I made a Github Gist that helps in the “spatial file” area.  All you have to do is pass a string as an argument, and regardless of whether the string points to a local or web-based file, you return a spatial object.  The big benefit?  This function is focused on handling zipped shapefiles!  If you work with data in the geosptial arena, you are quite accustomed to zipped shapefile data.

Here is the Gist:



Demonstrating the Shapefilereader function

We will walk through a quick demo. Assume we have a geopandas data set of tweets passed to us from a colleague, and she only tells us the tweets originated in New York.  She asks for our help in finding the origin zip code for each tweet.  Here are the first 10 rows of the data:

import pickle
import geopandas as gpd

# load the pickled data
dg = pickle.load(open('data.pkl','rb'))
print(dg.head(10))
lang geometry
en POINT (-73.985131 40.758895)
en POINT (-73.86167 40.7579249)
en POINT (-73.985131 40.758895)
en POINT (-74.10066217000001 40.68497132)
en POINT (-71.1956205 42.5047161)
en POINT (-79.98186 40.4285799)
en POINT (-74.018036 40.704395)
en POINT (-71.1097335 42.3736158)
en POINT (-72.8620251 40.8230795)
en POINT (-71.4372796 41.7798226)



Let’s get some spatial context from the original data set.  A simple scatter plot is sufficient.

import matplotlib.pyplot as plt

# plot the geodataframe
f,ax = plt.subplots(figsize=(15,9))
dg.plot(color='red',ax=ax)
plt.show()
Non-context NY tweets



It’s hard to tell anything from this plot. An easy fix is to plot this data in the context of something known.  In this case, we find a publiclly available shapefile that represents New York’s zip codes.  Our new function loads the data seamlessly.  

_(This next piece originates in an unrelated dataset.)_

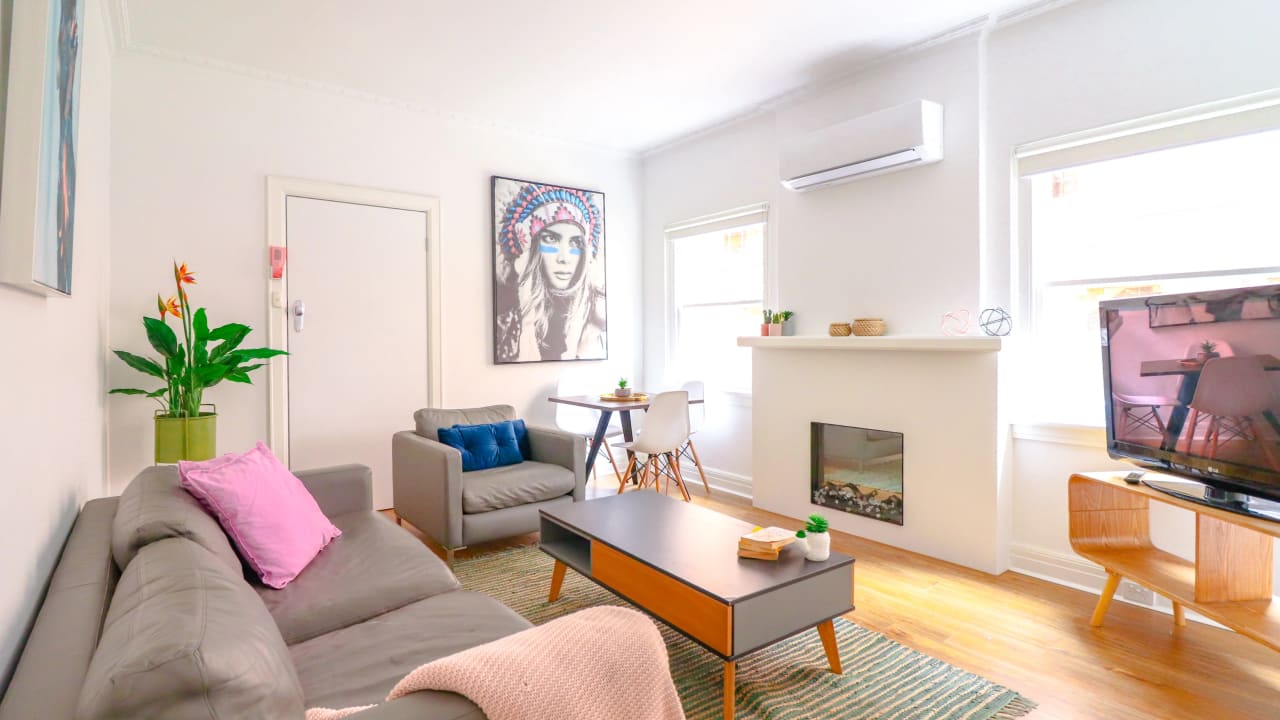 Whole property with 2 rooms for rent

from shapefilereader import shapefilereader

# reading data from NY open data website
ny = shapefilereader('https://data.cityofnewyork.us/download/i8iw-xf4u/application%2Fzip')
ny= ny.to_crs({'init':"epsg:4326"}) # reproject coordinates

# ploting the data
f,ax = plt.subplots(figsize=(15,9))
ax.set_facecolor('lightblue') # setting ocean color
ny.plot(color='tan',ax=ax)
plt.show()
NY zipcodes



Based on the shape of the new file, we are starting to understand the context of the data.  The higher concentration areas of our first plot correspond with shapes in our second plot.  It’s useful, but we can do better. Let’s combine the two files using a spatial join and find the origin zip code for each tweet.

import geopandas as gpd

# geopandas spatial join on tweets and zipcode shapefile
nytweets = gpd.sjoin(dg.reset_index(),ny[['ZIPCODE','geometry']],op='intersects',how='inner')

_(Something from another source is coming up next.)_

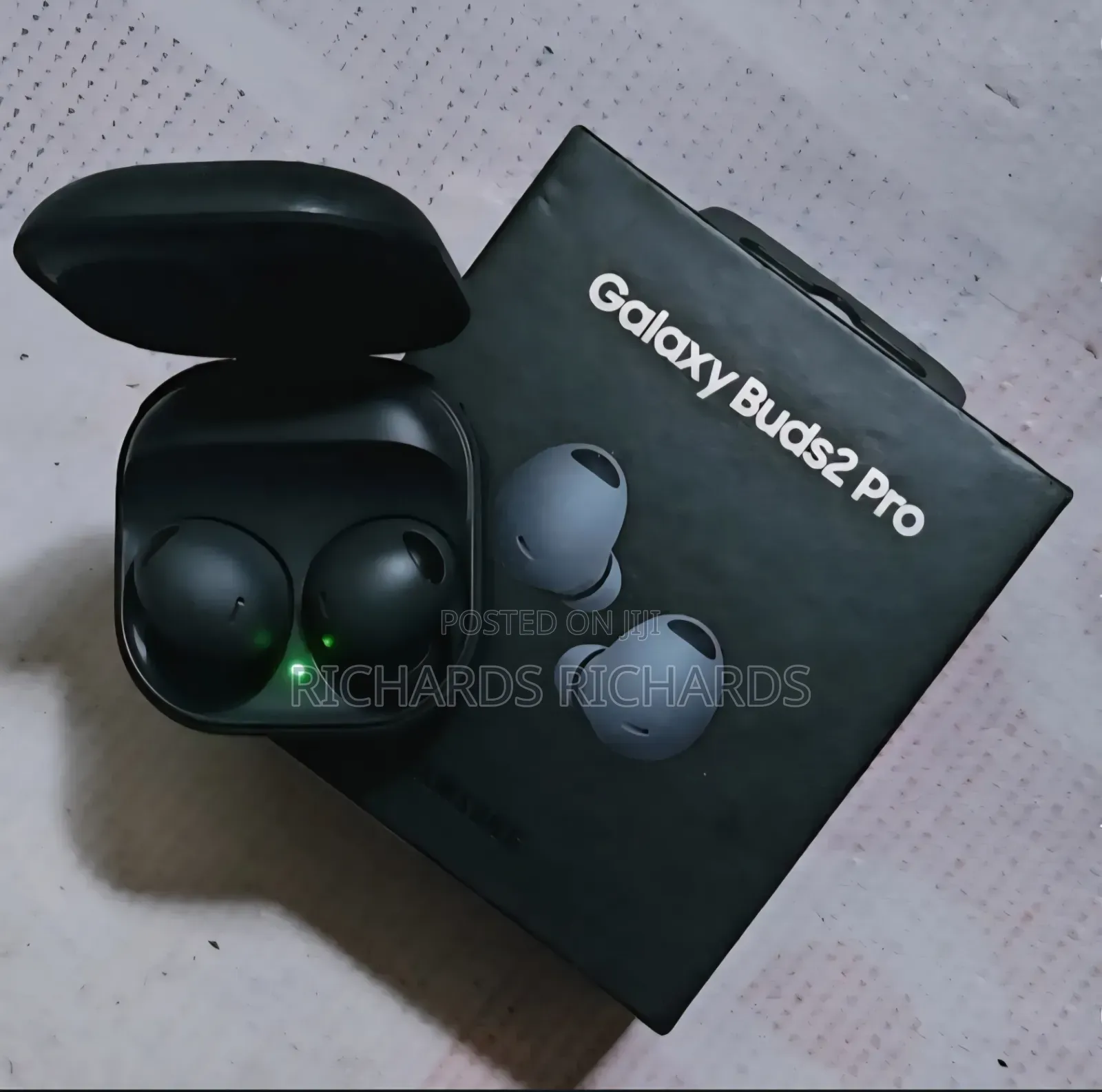 Samsung Galaxy Buds 2 Pro.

That’s more like it. We can do a lot with this new joined table, which was enabled by our shapefilereader function.  Notably, we can answer our colleague’s question.  Here is a graphical answer to “Which zip code had the most tweets?” using a choropleth visualization:

# group the data by zipcode
countedTweets = nytweets.groupby('ZIPCODE')['ZIPCODE']\
.size().sort_values(ascending=False)\
.reset_index().rename(columns={0:'tweetcount'})

# attribute merge with zipcode data
final = ny[['ZIPCODE','geometry']].merge(countedTweets,on='ZIPCODE')

# plot the choropleth
f,ax = plt.subplots(figsize=(15,9))
final.plot(column='tweetcount', scheme='Fisher_Jenks', k=5, cmap='OrRd', linewidth=0.1, ax=ax,legend=True)
ax.set_axis_off()
plt.show()
NYchoropleth



And here are the first 10 rows of our tabular answer to the same question.

ZIPCODE tweet count
10007 684
10036 303
10001 257
10013 199
83 132
10003 131
10019 130
11201 122
10014 120
10011 99

Conclusion



As shown above, spatial clarity can improve your understanding of data.  Feel free to use the shapefilereader function to add complementary data sets to your geospatial analysis tasks. We combined our source data with a publicly available shapefile. And in the end, we were able to answer our target questions in visual and tabular format. Try a similar workflow on one of your datasets!